It is important to note that both TÜBİTAK and METU are also core partners of the National Competence Centre (NCC) Türkiye, which further strengthened the collaborative framework of this project.

HPC experts from METU, in collaboration with infrastructure experts from the HPC centre, implemented an alternative computational route for Alti Dynamics and Nanografi. This approach enabled the modelling of composites using classical molecular dynamics to identify the most promising candidates prior to the synthesis stage. Together with the industrial partners, the team designed a workflow to support the challenging composite-building stage and subsequent analysis, helping to significantly shorten the trial-and-error phases of the manufacturing process.

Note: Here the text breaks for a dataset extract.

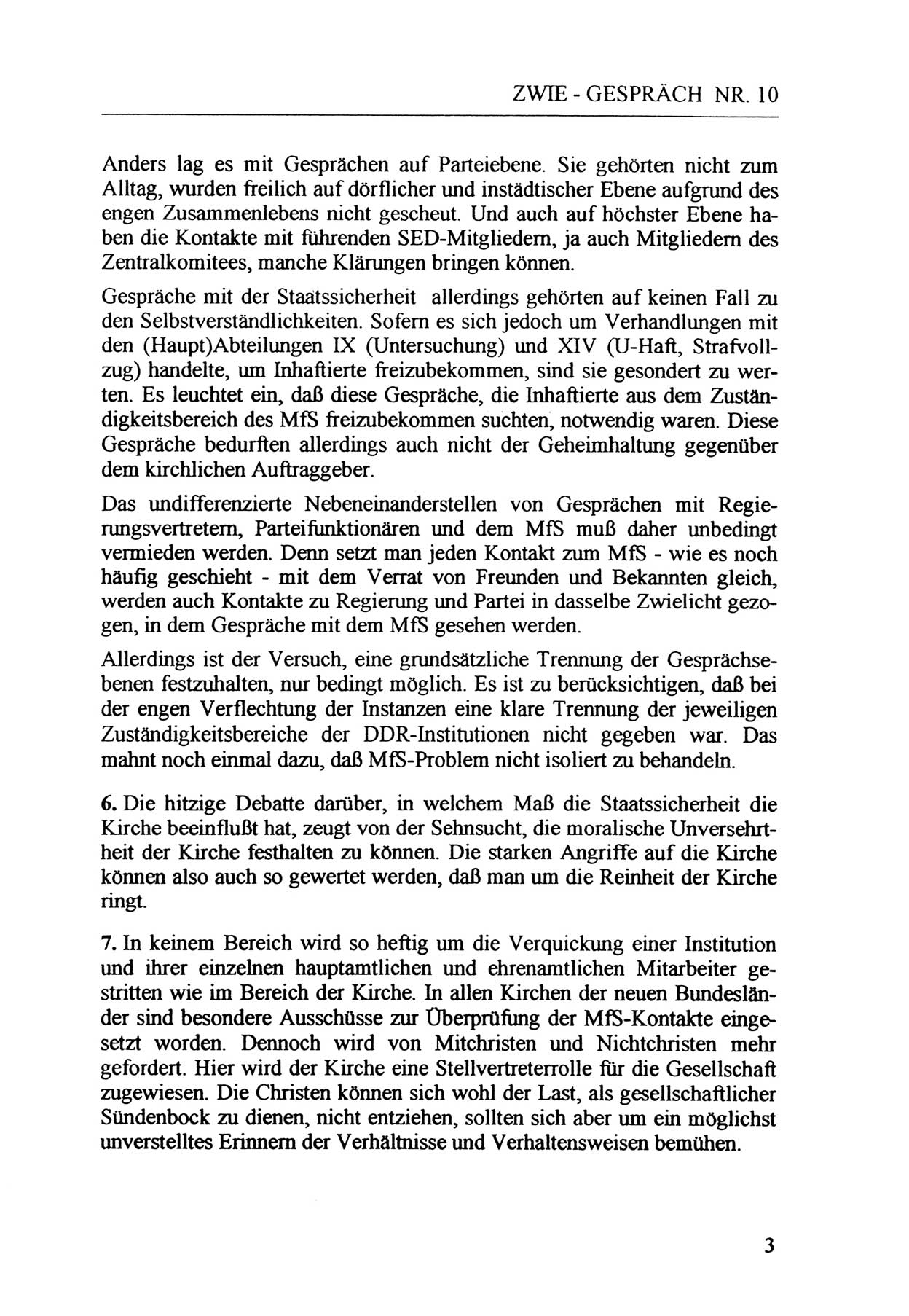 Zwie-Gespräch, Beiträge zur Aufarbeitung der Staatssicherheits-Vergangenheit [Deutsche Demokratische Republik (DDR)], Ausgabe Nr. 10, Berlin 1992, Seite 3 (Zwie-Gespr. Ausg. 10 1992, S. 3)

Through this project, the industrial partners were able to optimise key parameters—such as constituent type and ratio in epoxy–GO nanocomposites—based on theoretical studies performed by the HPC partners. The state-of-the-art in graphene–epoxy composites with enhanced properties was advanced by systematically controlling factors including GO structure, degree of functionalisation, epoxy polymer structure, and cross-linking density. The experiment resulted in the optimisation of GO functional groups and their mass percentage of functionalisation, enabling maximised physical and mechanical properties in epoxy–GO nanocomposites. Crucially, parameters for a more homogeneous and repeatable material manufacturing process were identified, representing a critical outcome for the companies involved.

 

Business Benefits

Thanks to this experiment, Alti Dynamics is now using HPC-based simulation results to produce high-quality epoxy–graphene nanocomposite materials for a variety of advanced aerospace applications. This approach has reduced development time by up to 15% and costs by up to 20%, thereby increasing competitiveness. The simulations provided optimised parameters for large-scale production and commercialisation, enabling the delivery of improved composites in less time and with greater accuracy. By shifting to a simulation-driven workflow, the companies anticipate reducing testing material waste by 75% and raw material consumption by 30%, significantly lowering the impact of trial-and-error experimentation. These new HPC-enabled capabilities provide Alti Dynamics with a competitive edge and an expected increase in revenue.

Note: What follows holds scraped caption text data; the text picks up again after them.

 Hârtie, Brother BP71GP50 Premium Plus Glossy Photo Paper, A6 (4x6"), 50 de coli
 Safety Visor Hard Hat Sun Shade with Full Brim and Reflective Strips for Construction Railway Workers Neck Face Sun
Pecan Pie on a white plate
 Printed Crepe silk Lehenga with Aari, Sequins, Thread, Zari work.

Nanografi will also benefit substantially: the company will be able to sell significantly more raw graphene products to customers, particularly in the automotive and aerospace sectors, due to the optimisations achieved through Alti Dynamics’ performance testing studies combined with HPC simulations. This represents a highly profitable advancement for both companies. Furthermore, the successful commercialisation of the project outcomes will strengthen graphene’s position in the composites market as a high-performance, weight-reducing additive.

The companies also gained valuable experience in engaging with HPC solutions for nanocomposites, building new technical capabilities that have led to novel product development. Active utilisation of HPC enhanced the firms’ knowledge base, while the acquisition of new skills during the experiment enabled Alti Dynamics to reduce development times for new nanocomposites and position itself for entry into new market sectors.

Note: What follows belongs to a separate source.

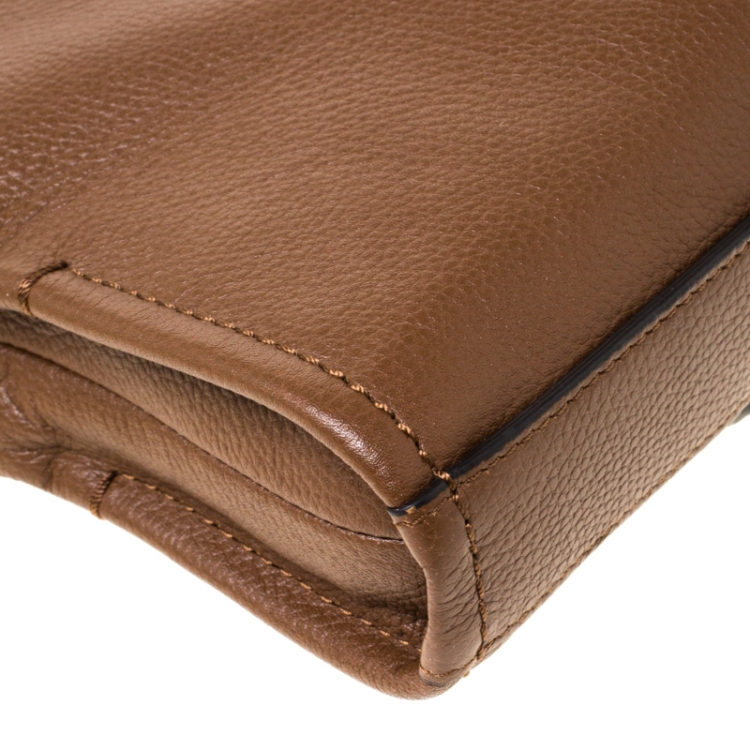Pre Owned Tumi Brown Leather Seneca Slim Briefcase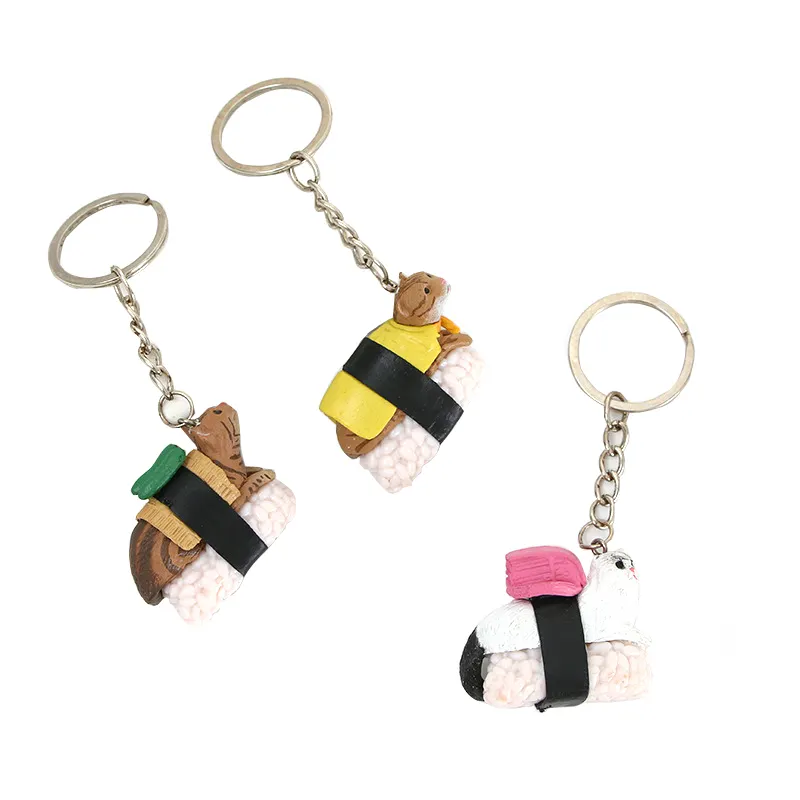 2024 Best Selling Mini Cartoon Sushi Cat Keychain Customizable Keychain with multiple colors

The experiment successfully combined technical achievements with tangible commercial benefits for all participants in the value chain, from the industrial user to the HPC centre. The HPC centre proved to be an essential resource for understanding complex material interactions and translating this knowledge into practical applications.

METU made a significant contribution to the project, leveraging its academic expertise to define the crucial link between advanced materials science and molecular-level HPC simulations. In parallel, NCC Türkiye demonstrated its strong commitment to supporting high-tech innovation by providing technical guidance and coordination.

Together, these efforts generated substantial technical and commercial benefits across the consortium, reinforcing the value of close collaboration between industry, academia, and HPC centres.

 

Addressing technical challenges, unexpected roadblocks in simulation, model tuning, or data handling 

This experiment demonstrated the value of HPC calculations for understanding complex material interactions and positioned the HPC Centre as a critical resource for advanced materials research and development. Four partners worked together across different sectors to develop optimized composite recipes with enhanced properties, including higher strength and reduced weight. Molecular dynamics (MD) simulations via HPC were conducted to optimise parameters for epoxy/Gr-GO nanocomposites for these next-generation formulations.

At the start of the project, both METU and TRUBA had limited understanding of industrial synthesis and production processes, while Nanografi and Alti Dynamics had little experience with HPC-based MD simulations. Although METU has a long history of industrial collaborations, integrating an HPC centre into this type of partnership was a first for the university. Similarly, it was the first time that the companies collaborated directly with an HPC centre alongside their usual university and industry partners.

Because the partners initially lacked clarity on the technical information required by others, numerous meetings and communications were held to exchange essential data. For example, METU requested detailed molecular-level information on the nanocomposite system—including chemical structures, crosslinking ratios, molecular weights, and aspect ratios—to create accurate computational models, which was new to the industrial partners. Once these technical data were acquired, HPC simulations began reproducing experimental results, which in turn guided the subsequent experimental studies.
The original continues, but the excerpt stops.